[Exercise directions]
Restate every line of the material below word for word, skipping the images.

[Data shown]
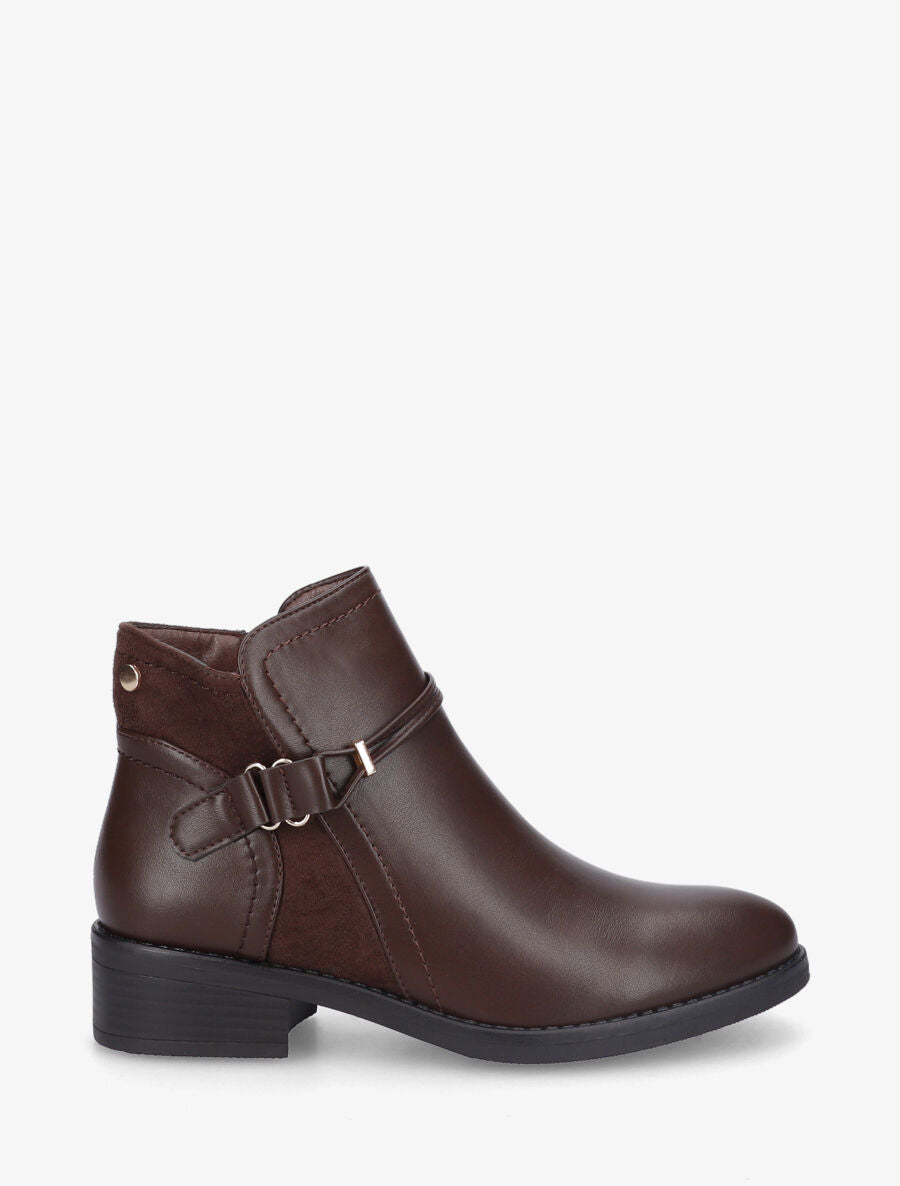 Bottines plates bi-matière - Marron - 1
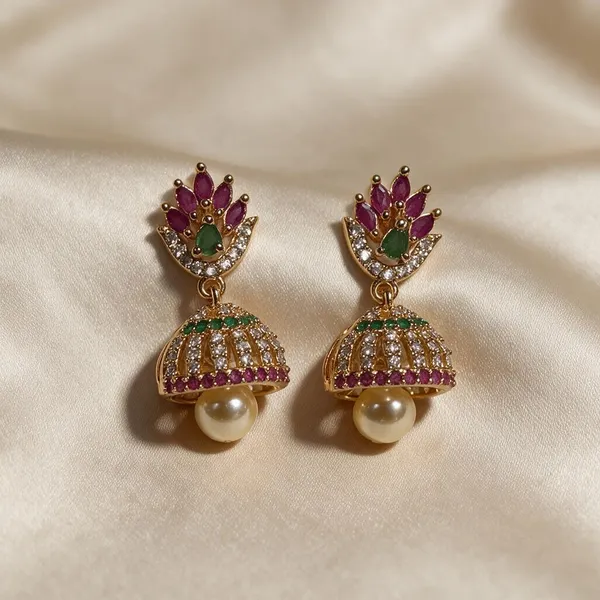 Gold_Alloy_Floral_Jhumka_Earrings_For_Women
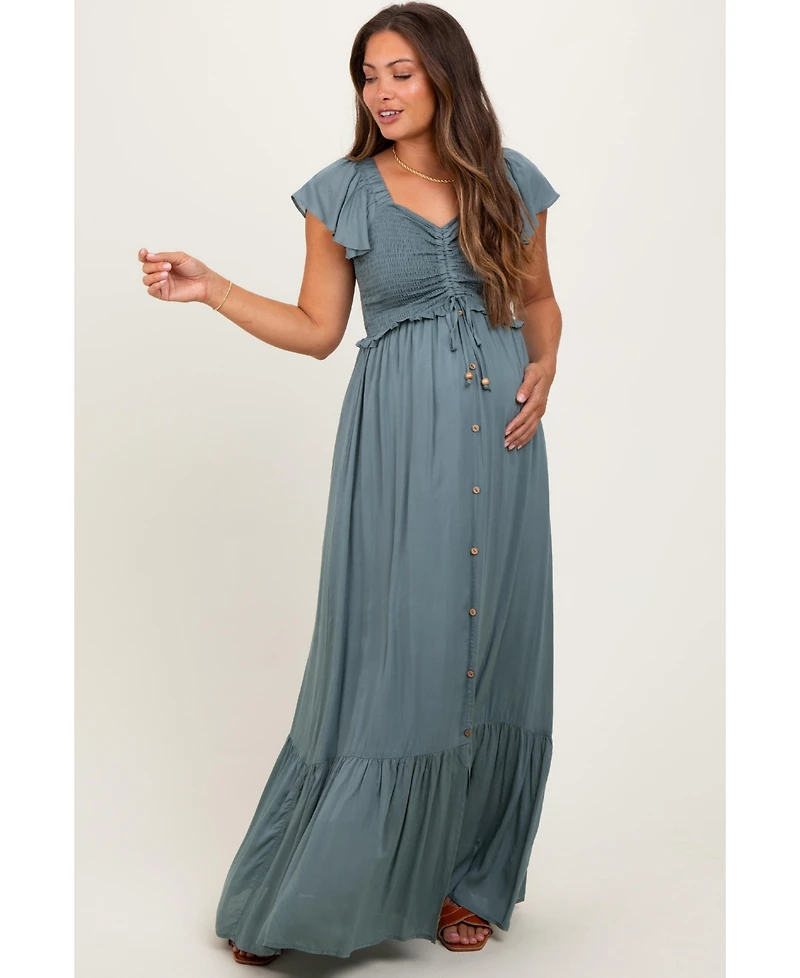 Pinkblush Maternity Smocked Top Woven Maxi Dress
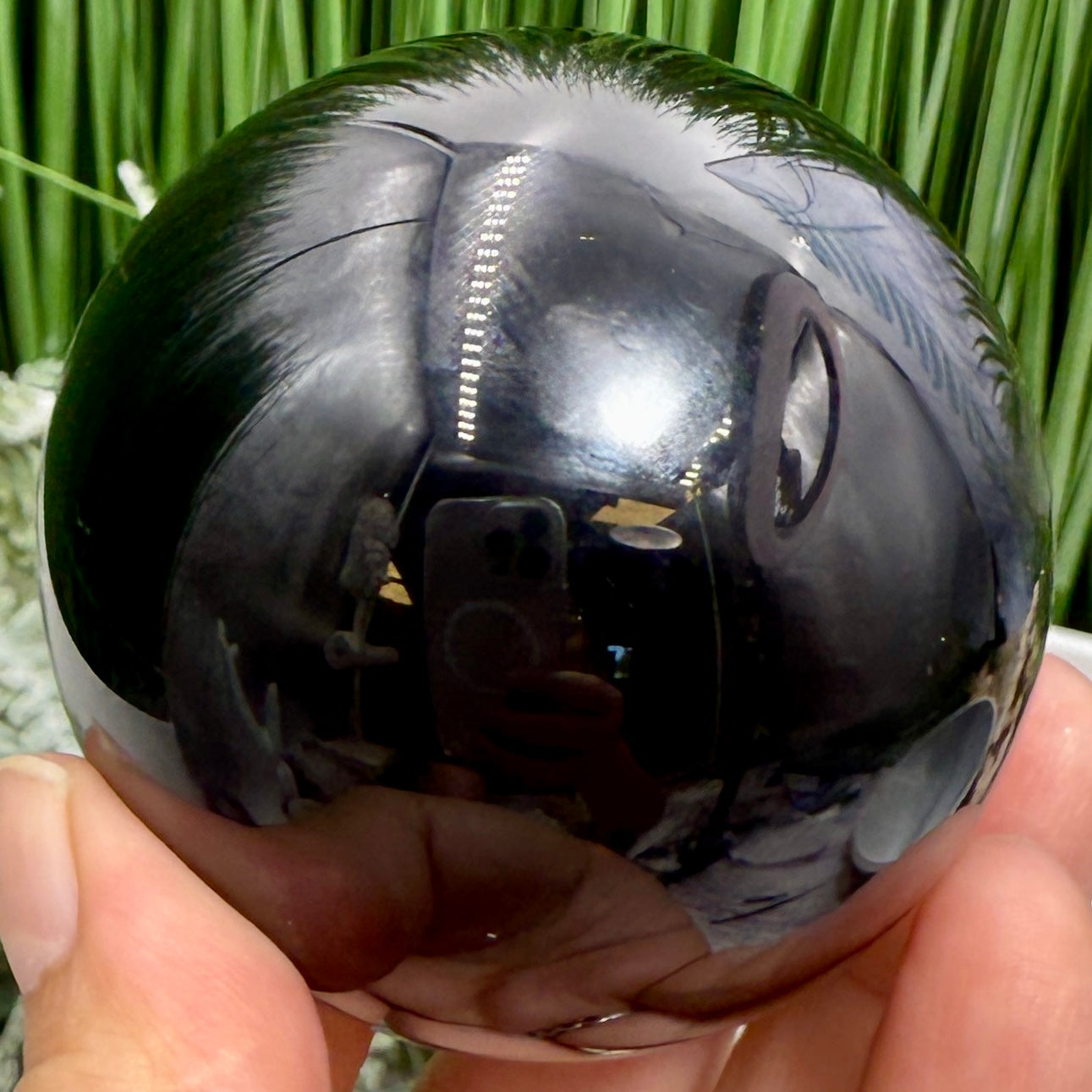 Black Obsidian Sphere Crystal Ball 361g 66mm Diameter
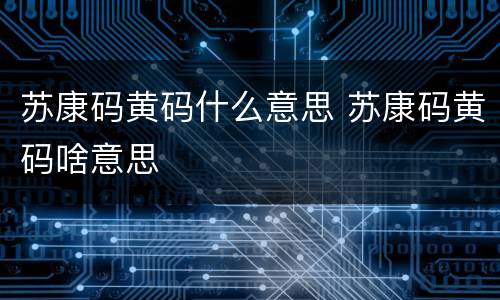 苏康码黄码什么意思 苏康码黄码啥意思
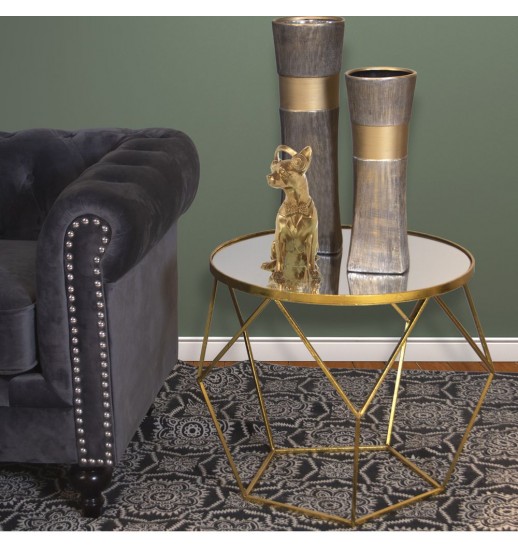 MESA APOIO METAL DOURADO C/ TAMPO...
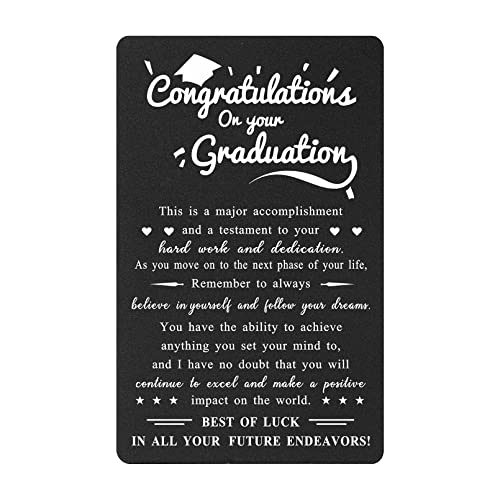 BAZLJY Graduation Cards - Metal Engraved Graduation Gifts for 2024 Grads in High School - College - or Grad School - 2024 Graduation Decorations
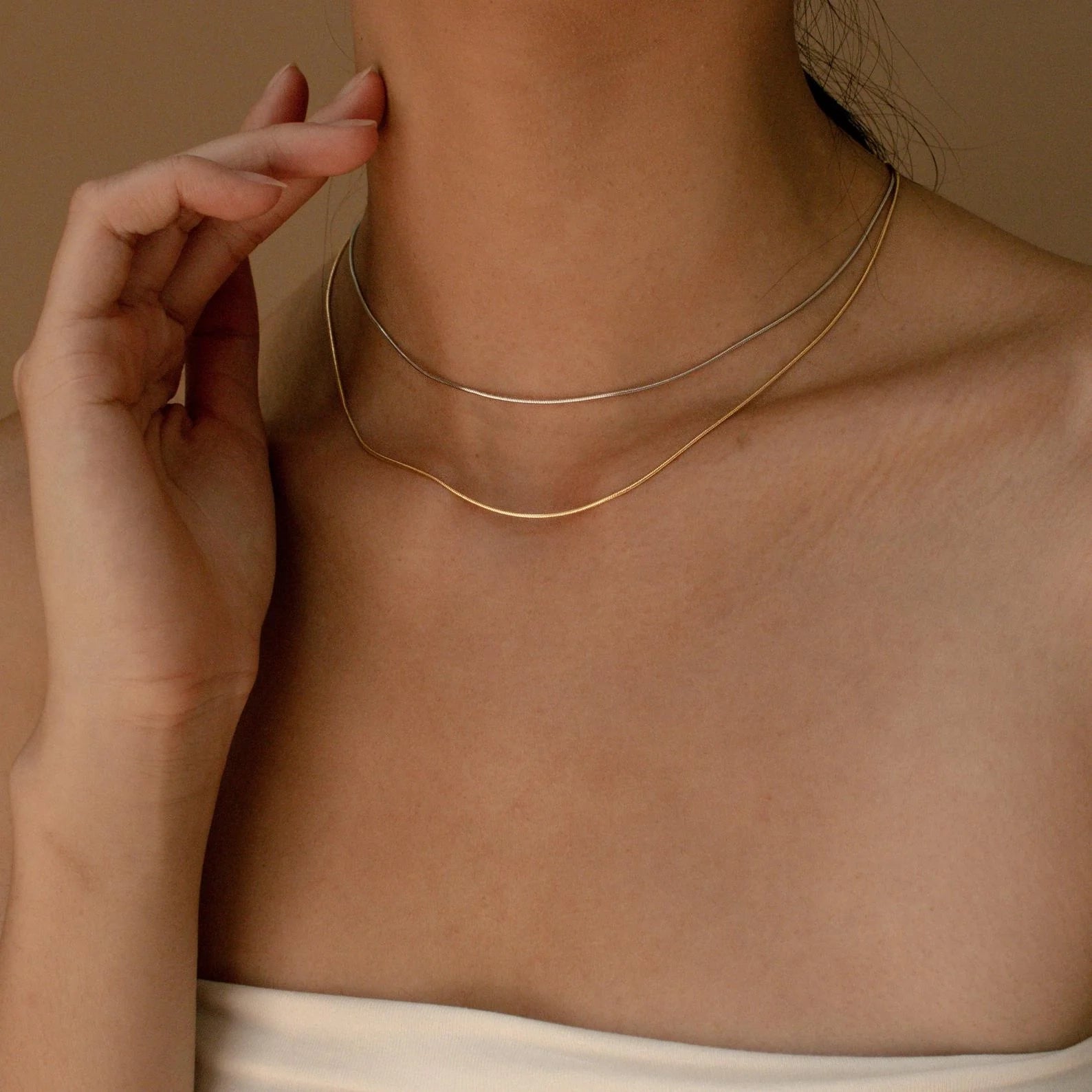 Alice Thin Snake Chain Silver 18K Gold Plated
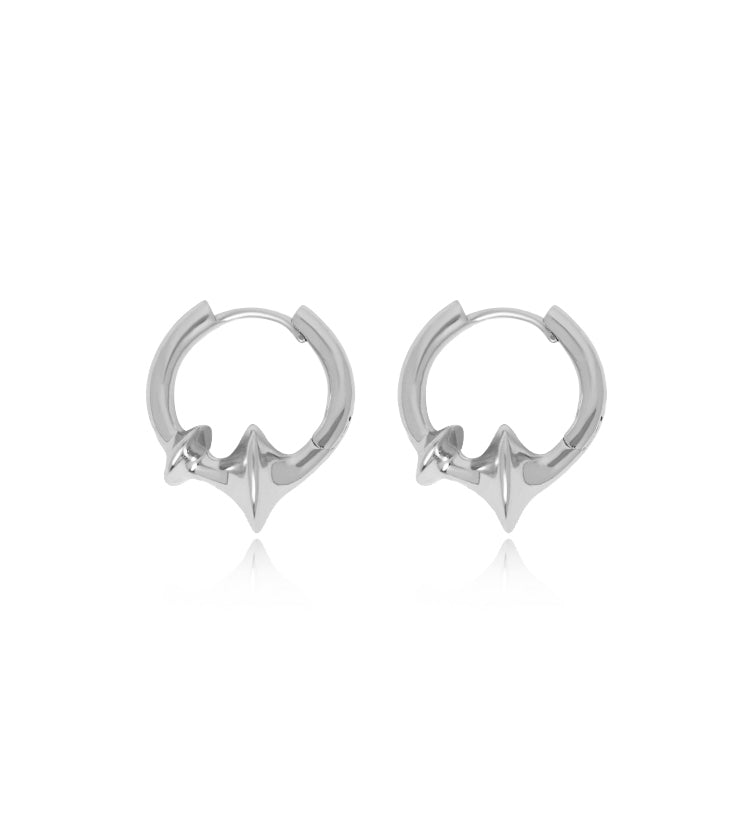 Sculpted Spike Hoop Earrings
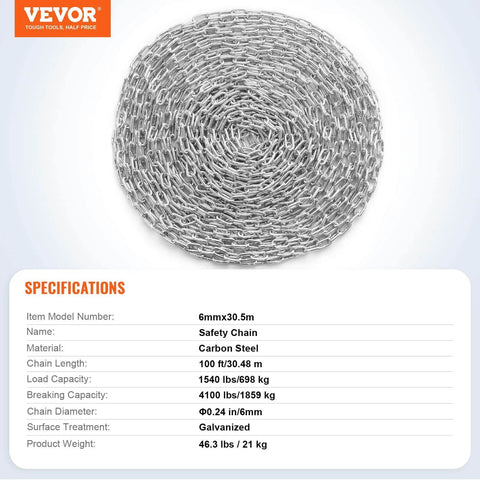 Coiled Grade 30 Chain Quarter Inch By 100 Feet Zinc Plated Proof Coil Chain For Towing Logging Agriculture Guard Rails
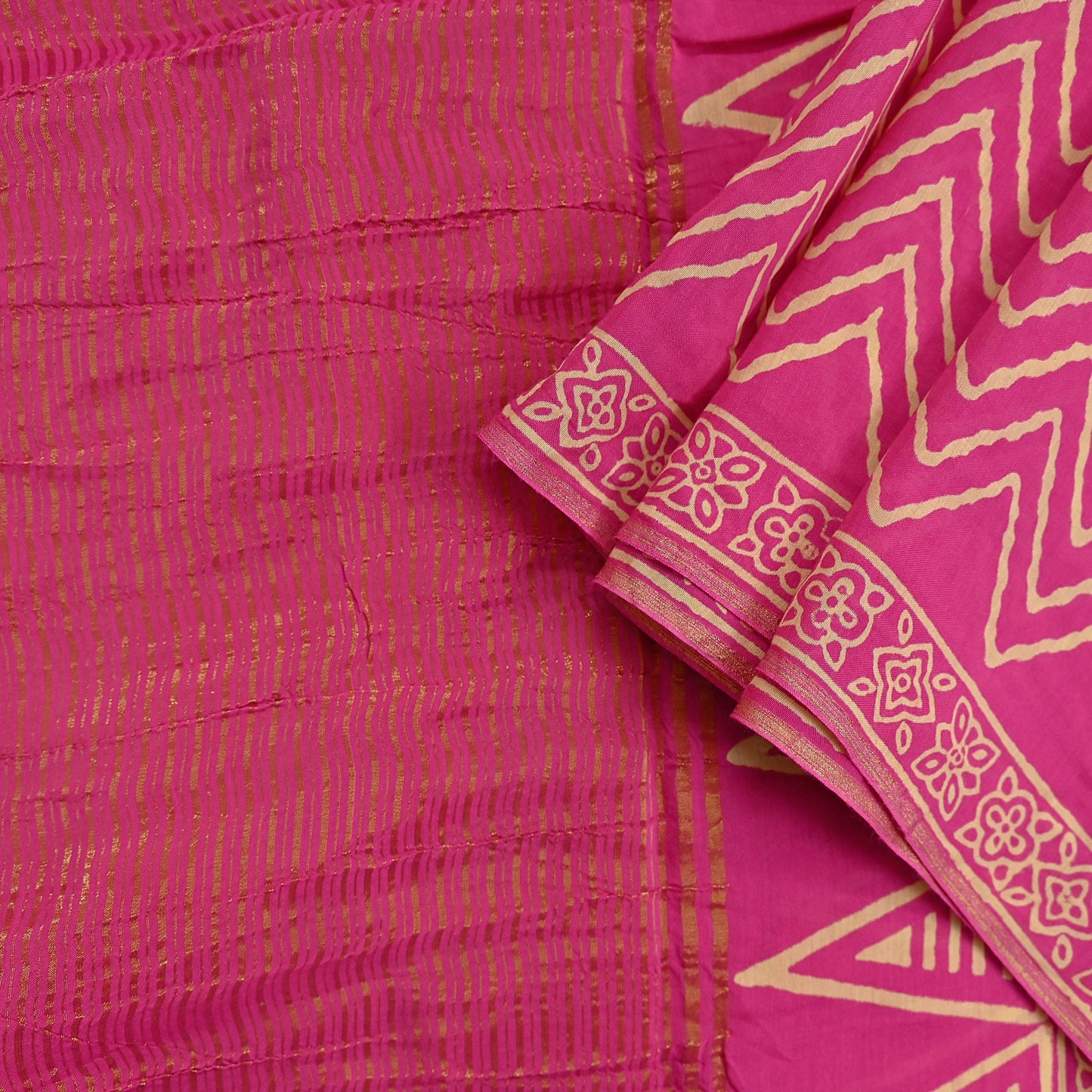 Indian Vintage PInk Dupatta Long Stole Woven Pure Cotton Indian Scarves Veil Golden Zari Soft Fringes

[Expected answer]
 Bottines plates bi-matière - Marron - 1
 Gold_Alloy_Floral_Jhumka_Earrings_For_Women
 Pinkblush Maternity Smocked Top Woven Maxi Dress
 Black Obsidian Sphere Crystal Ball 361g 66mm Diameter
 苏康码黄码什么意思 苏康码黄码啥意思
 MESA APOIO METAL DOURADO C/ TAMPO...
 BAZLJY Graduation Cards - Metal Engraved Graduation Gifts for 2024 Grads in High School - College - or Grad School - 2024 Graduation Decorations
 Alice Thin Snake Chain Silver 18K Gold Plated
 Sculpted Spike Hoop Earrings
 Coiled Grade 30 Chain Quarter Inch By 100 Feet Zinc Plated Proof Coil Chain For Towing Logging Agriculture Guard Rails
 Indian Vintage PInk Dupatta Long Stole Woven Pure Cotton Indian Scarves Veil Golden Zari Soft Fringes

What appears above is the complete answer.